*** DATA FOR THE TASK Section Begins ***

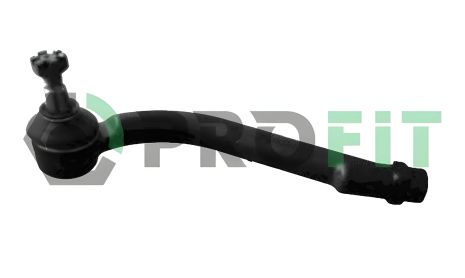 Наконечник рулевой тяги HYUNDAI SANTA FE, PROFIT (23020516) Наконечник рулевой тяги HYUNDAI SANTA FE, PROFIT (23020516)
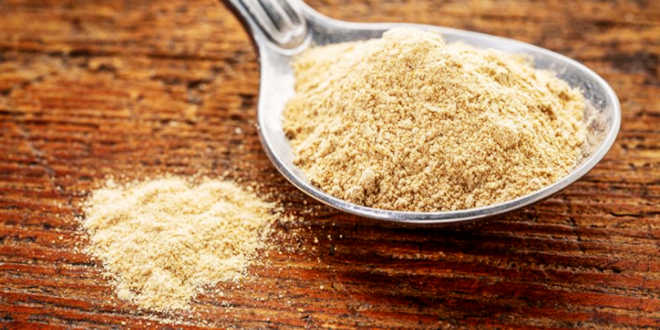 Benefícios Pó de Maca Benefícios Pó de Maca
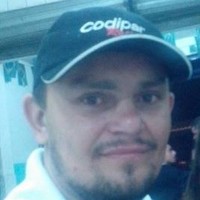 Adalvan Lopes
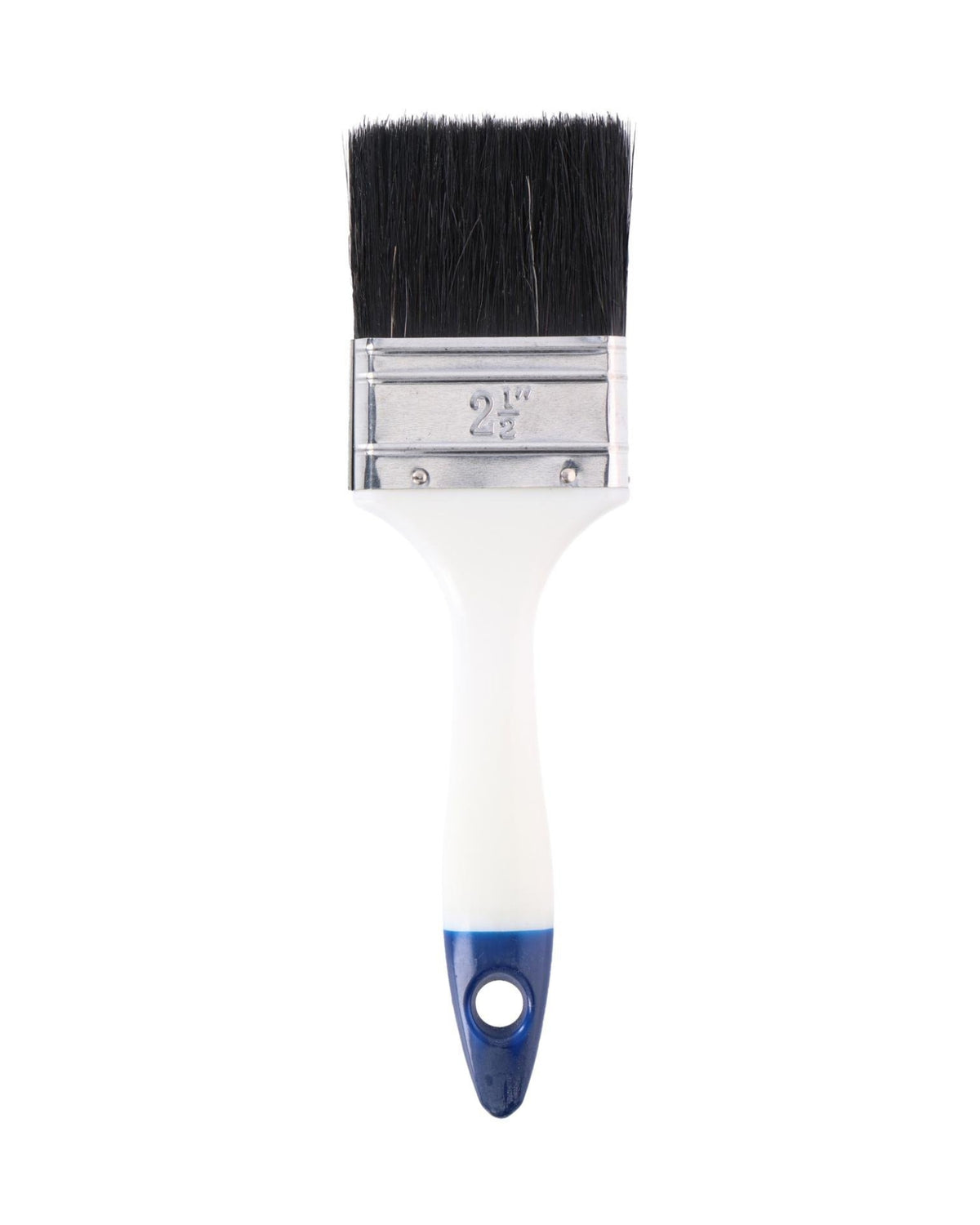 Pensel 60mm - KINZO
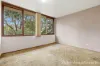 25 Nimbin Road, Koolewong, NSW 2256-Image
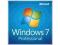 PROGRAM WINDOWS 7 PROFESSIONAL SP1 64B PL OEM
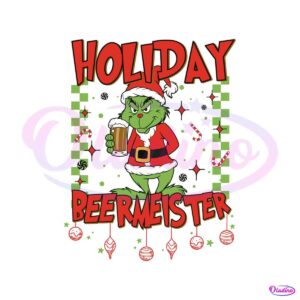 holiday-beer-meister-grinch-santa-svg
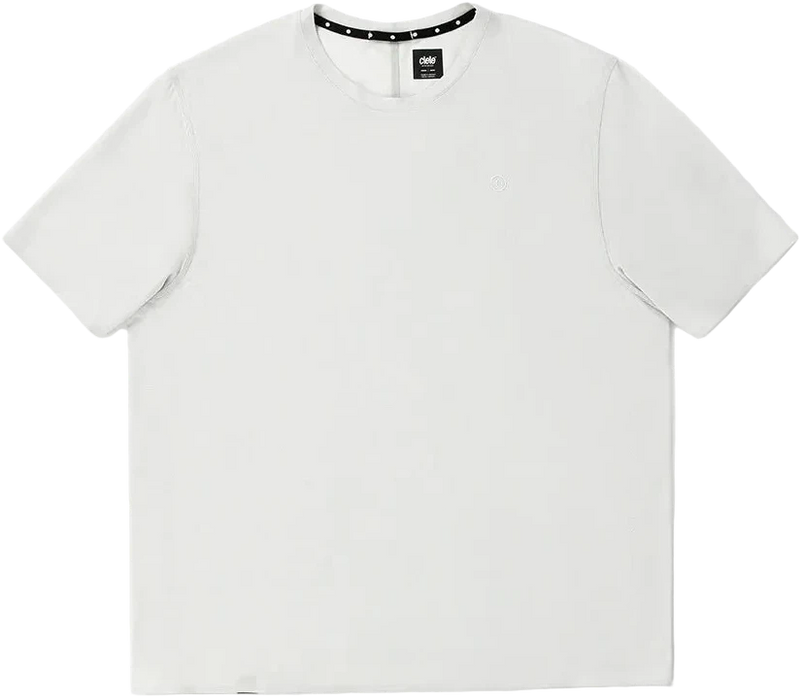 ciele athletics FSTTshirt 2 (Men's)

*** DATA FOR THE TASK Section Ends ***

- _WHAT YOU ARE ASKED TO DO_: The whole of the data needs to be copied word for word, though not its pictures.

- _SOLUTION_:
 Наконечник рулевой тяги HYUNDAI SANTA FE, PROFIT (23020516) Наконечник рулевой тяги HYUNDAI SANTA FE, PROFIT (23020516)
 Benefícios Pó de Maca Benefícios Pó de Maca
 Adalvan Lopes
 Pensel 60mm - KINZO
 25 Nimbin Road, Koolewong, NSW 2256-Image
 PROGRAM WINDOWS 7 PROFESSIONAL SP1 64B PL OEM
 holiday-beer-meister-grinch-santa-svg
 ciele athletics FSTTshirt 2 (Men's)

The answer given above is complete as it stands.